Jonah and Beth both tagged me for the seven random/weird things meme. Thanks! This is good, my exam today is done and I wanna get back to blogging. I feel like I already write here some of the weird things about me, but I'll try to cook up a few more.
  1. When I was little, I used to shave every morning. I would get really really jealous of my dad shaving, so he'd give me a plastic spoon and some shaving cream (the kind with an orange top that comes out as awesome turquoise gel and turns into creamy white foam when you rub it). I would stand next to him in the bathroom mirror and shave my face almost every day (except when I got out of bed too late, which yes, I was doing even at 5 or 6 years old). Kind of funny for someone who doesn't shave her legs or pits at all now. Or... maybe it makes perfect sense.
  2. I love thunderstorms.
  3. Sometimes when I have a really intense yawn or nose-blowing, I feel like I can breathe in air through my ears.
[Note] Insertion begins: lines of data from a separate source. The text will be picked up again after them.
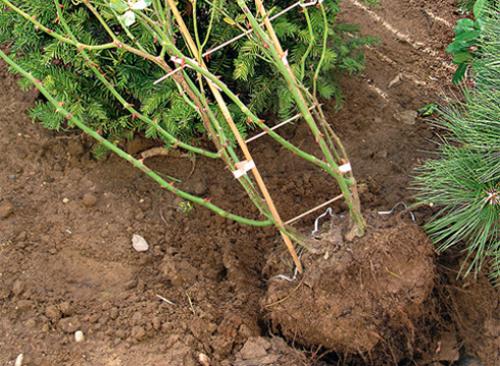 Роза плетистая пересадка осенью. Пересадка плетистой розы осенью 14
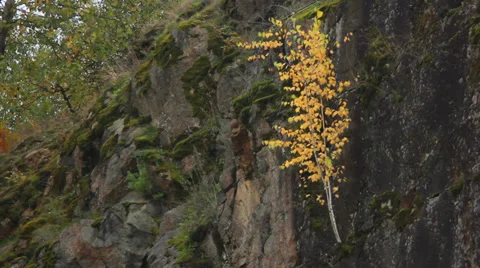 Birch on Rock 1 Stock Footage 31093724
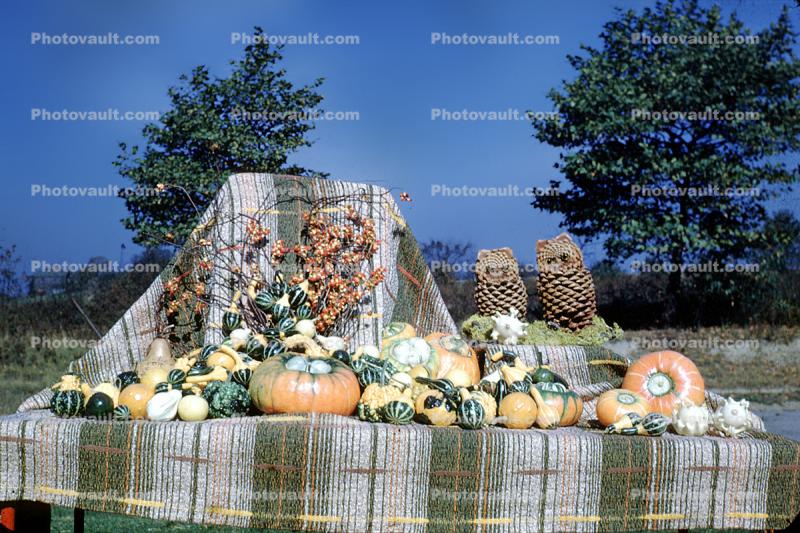 Fall, Autumn, Pumpkins, Harvest, Owls, Display, Vegetables, Squash, Pumpkin, October 1947, 1940s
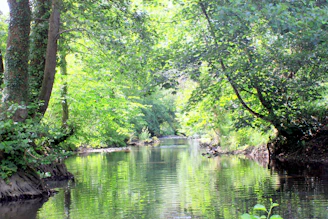 A peaceful riverside scene with gentle sunlight filtering through fresh green leaves.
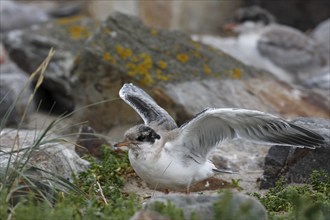 Common Tern (Sterna hirundo), immature animal, juvenile animal during first flight attempts, flight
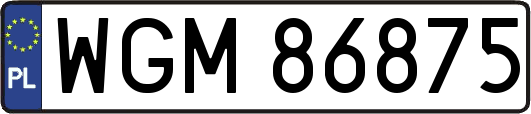 WGM86875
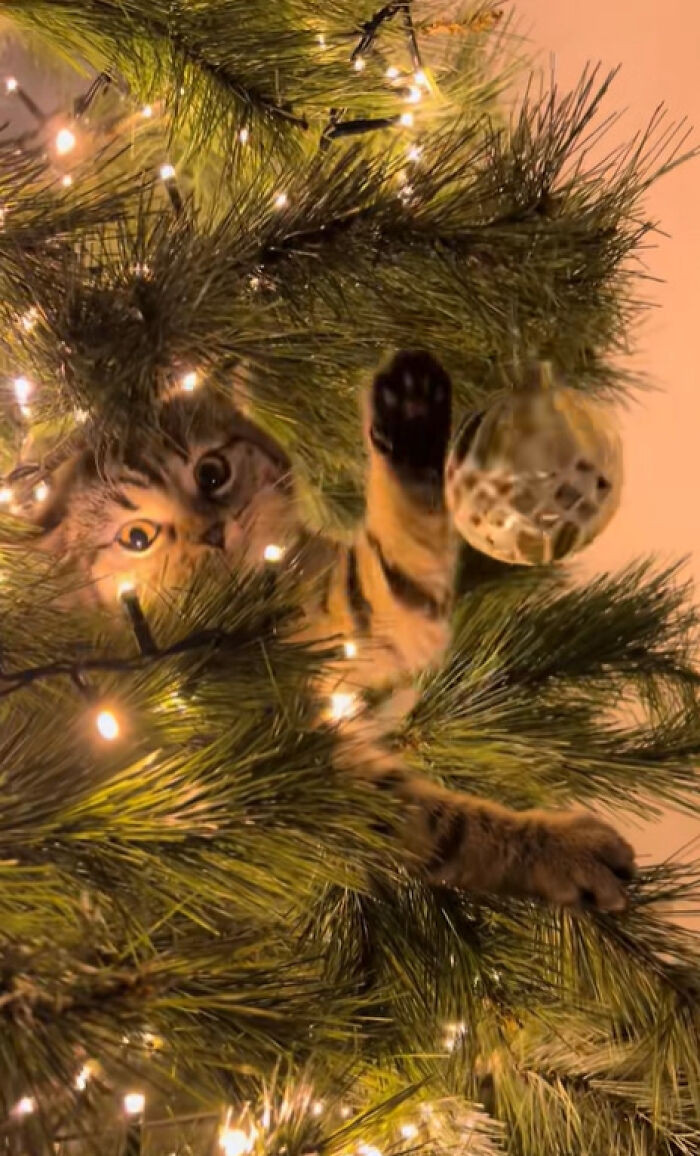 9. They just can’t help it. When you have a kitty at home, your Christmas tree must be explored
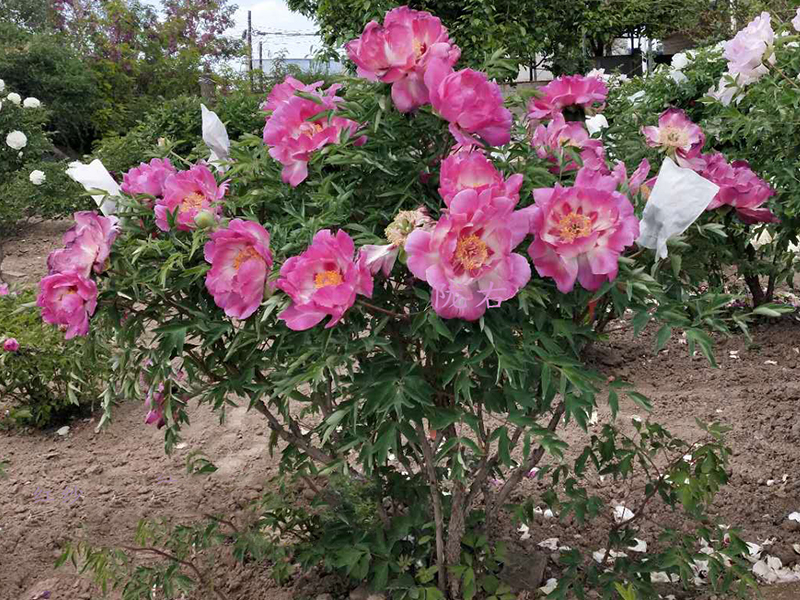 宁夏牡丹根嫁接费用,嫁接牡丹花那有卖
  4. I am kind of in love the idea of my body being pregnant. Not with the idea of having a kid, I really want nothing to do with having any kids right now (or possibly ever). Just the idea of my body being physically pregnant. This is the opposite of how most people feel I think - they want the kid without all the icky physical things about a pregnancy. And I am well aware of how ridiculous this may seem, especially considering the actual reality and the extra mental/emotional and physical burden that would come with a diabetic pregnancy. And I should know better, considering that what I do all day at work is review medical records of pregnancy, scary complications and all. And even scarier/more painful, labor and delivery records (can you say, episiotomy? how 'bout 2nd degree vaginal laceration? contractions at a pain level of 10 out of 10?). But that's why this is just a fantasy, and it's about the beauty and roundness and just the general physical idea of being pregnant.
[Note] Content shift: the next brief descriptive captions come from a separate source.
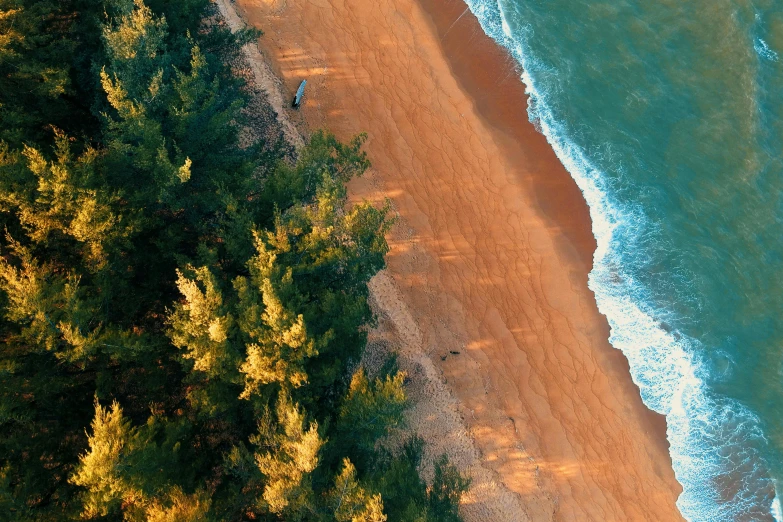 a person riding a surfboard on top of a sandy beach, by Max Dauthendey, unsplash contest winner, hurufiyya, sparse pine forest long shadows, bird\'s eye view, red sand, ( ( ( ( kauai ) ) ) )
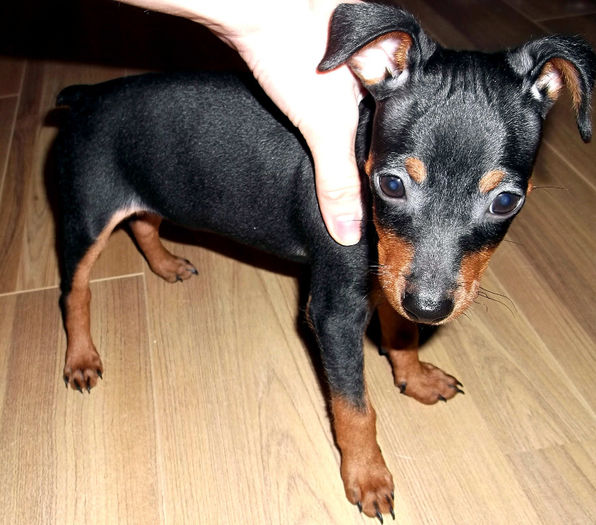  - PINSCHER PITIC de vanzare-VANDUTI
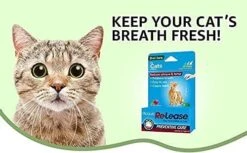 Ramard Ramard Plaque Re-Lease Oral Care For Cats - 31 Count -Weruva Shop ramard ramard plaque re lease oral care for cats 31 count 986114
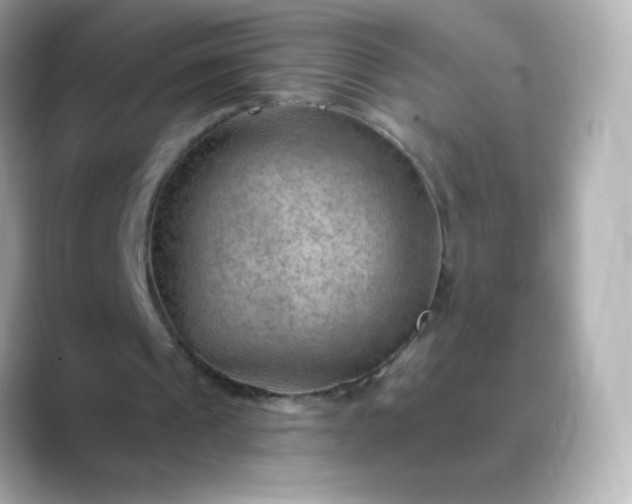 X0000088410241200706051158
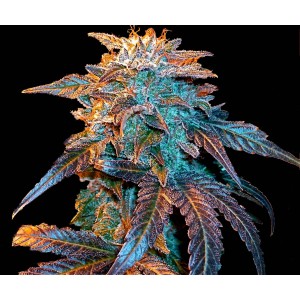 Gelato Auto Feminised Seeds Gelato Auto Feminised Seeds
  5. Speaking of being pregnant, people think I am all the time. I get people giving up seats for me on the train for no apparent reason except that they are looking at my belly and smiling sweetly at me/it. I get asked about it my strangers and less socially conscious/inhibited family members (most recently, my grandmother and a cashier in a cafeteria). I wrote about it a long time ago - I just have a belly on me, which isn't that proportional to the rest of me I guess. Haha, or maybe my thoughts from #4 cause me to give off some kind of vibe?
  6. My ring finger is my favorite for checking blood sugar.
  7. I eat apples from the bottom up instead of around the sides. Since I eat more of the apple than most people, usually a little tiny core, it's the best way to go at it.
I'm tagging bsom, estrogenmoment, Claire, misscripchick, Liz, Kameron, FatlyYours, Jes, and Hannah. (yes, that's 9... see below how I feel about rules! or above, how I feel about decisions...) I don't know if all of you do memes, but it's worth a try.

Rules (but I'm all about bending/breaking 'em if ya want):

1. Link to the person’s blog who tagged you.
2. Post these rules on your blog.
3. List seven random and/or weird facts about yourself.
4. Tag seven random people at the end of your post and include links to their blogs.
5. Let each person know that they have been tagged by posting a comment on their blog.